## [TASK OBJECTIVE]
Restate exactly the lines that run from the start of the records below to the line containing "Once the template", counting both ends, and nothing else; pictures stay out.

==== ENTRIES SUPPLIED

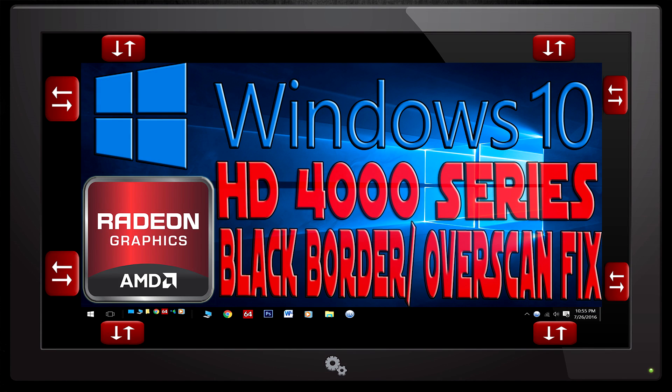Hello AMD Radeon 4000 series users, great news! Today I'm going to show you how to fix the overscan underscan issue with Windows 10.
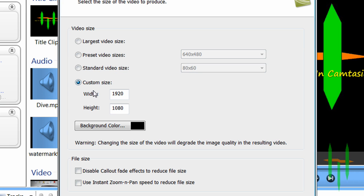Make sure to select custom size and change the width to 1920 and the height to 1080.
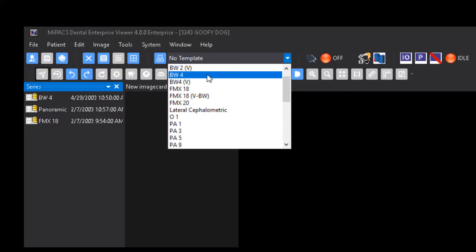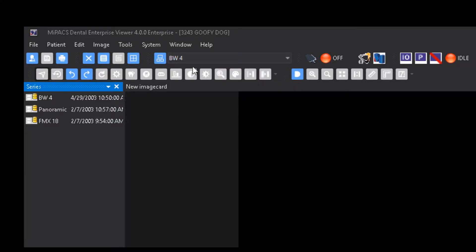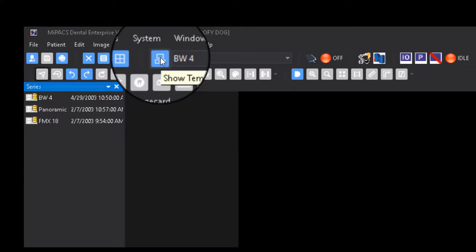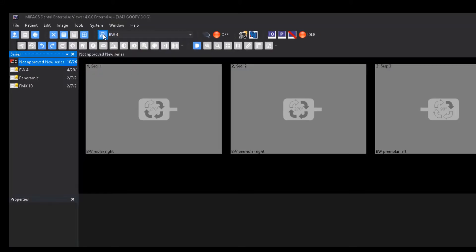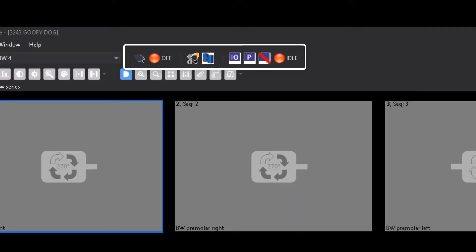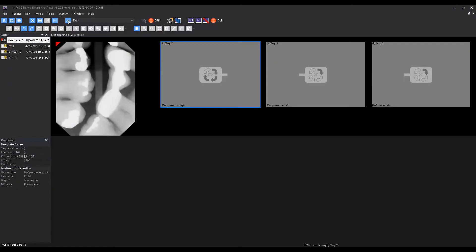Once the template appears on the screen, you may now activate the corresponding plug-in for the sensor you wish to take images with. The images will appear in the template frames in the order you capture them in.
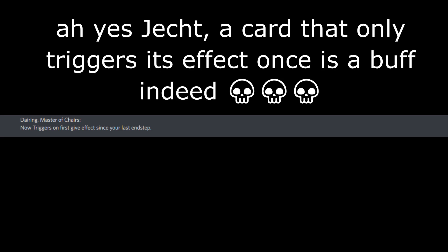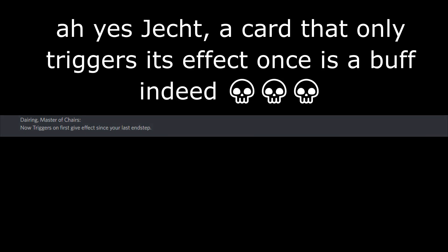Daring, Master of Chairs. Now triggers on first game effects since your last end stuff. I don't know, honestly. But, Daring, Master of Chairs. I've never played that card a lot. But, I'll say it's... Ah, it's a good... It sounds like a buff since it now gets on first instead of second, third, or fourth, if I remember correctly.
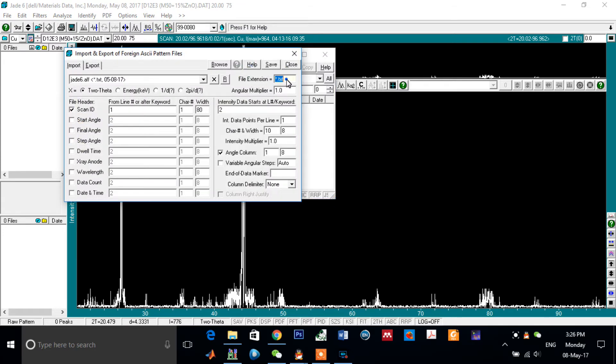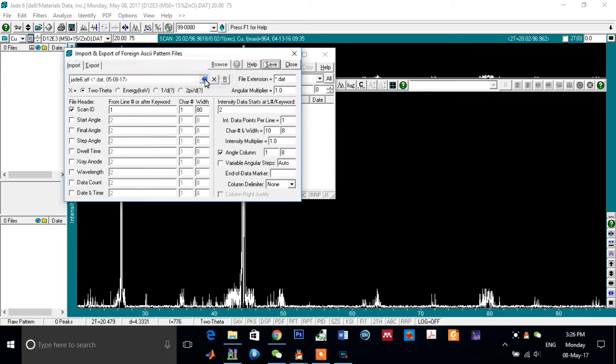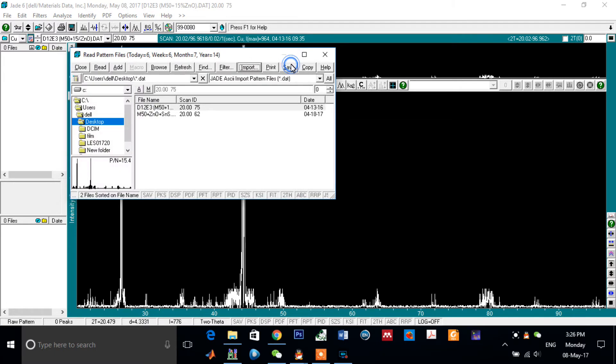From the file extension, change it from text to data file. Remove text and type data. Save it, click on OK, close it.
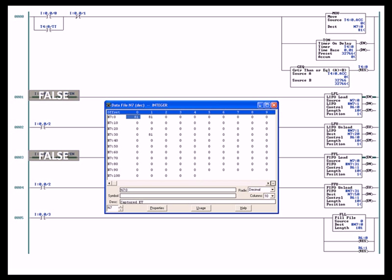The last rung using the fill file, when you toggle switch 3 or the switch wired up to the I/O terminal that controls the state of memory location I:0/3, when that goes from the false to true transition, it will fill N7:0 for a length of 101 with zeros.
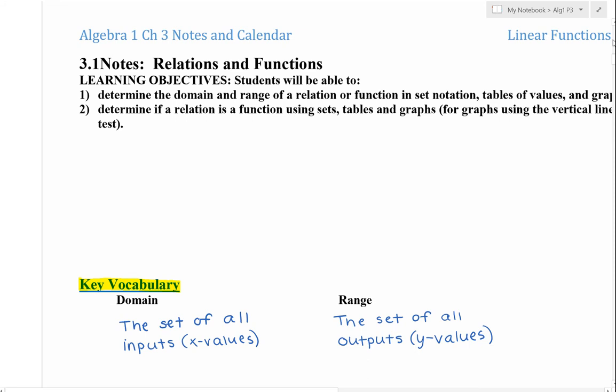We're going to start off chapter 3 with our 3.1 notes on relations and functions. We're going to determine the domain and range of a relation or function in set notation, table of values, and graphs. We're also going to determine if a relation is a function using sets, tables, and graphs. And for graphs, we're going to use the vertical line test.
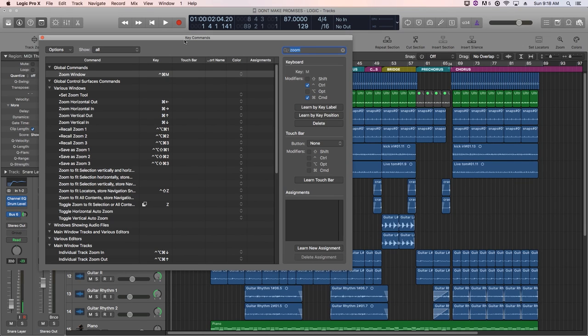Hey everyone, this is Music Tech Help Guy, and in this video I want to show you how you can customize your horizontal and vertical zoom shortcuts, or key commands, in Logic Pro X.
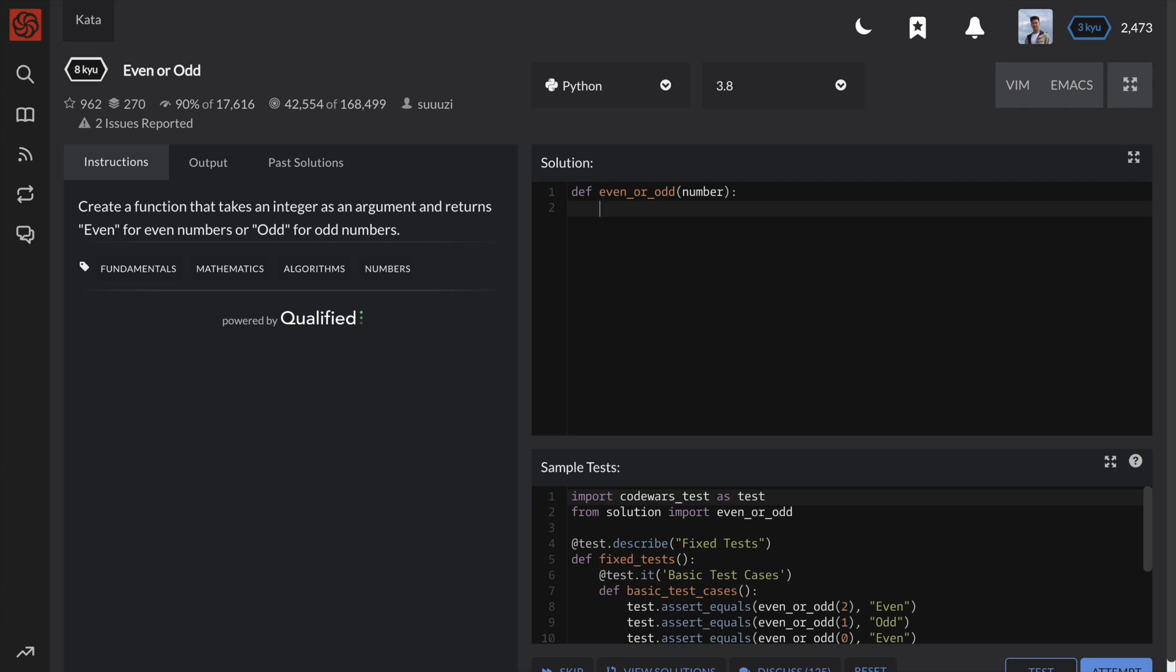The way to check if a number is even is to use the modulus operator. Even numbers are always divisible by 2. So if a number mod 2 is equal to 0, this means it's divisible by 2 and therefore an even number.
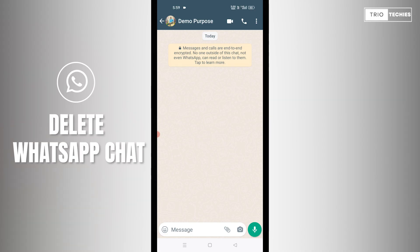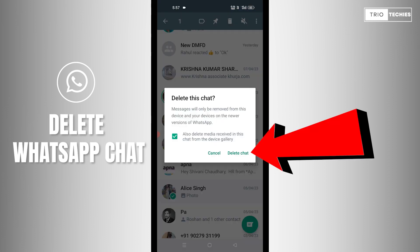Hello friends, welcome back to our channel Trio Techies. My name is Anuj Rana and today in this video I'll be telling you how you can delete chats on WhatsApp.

========

## [WRITTEN ANSWER]
Hello AMD Radeon 4000 series users, great news! Today I'm going to show you how to fix the overscan underscan issue with Windows 10.
Make sure to select custom size and change the width to 1920 and the height to 1080.
Once the template appears on the screen, you may now activate the corresponding plug-in for the sensor you wish to take images with. The images will appear in the template frames in the order you capture them in.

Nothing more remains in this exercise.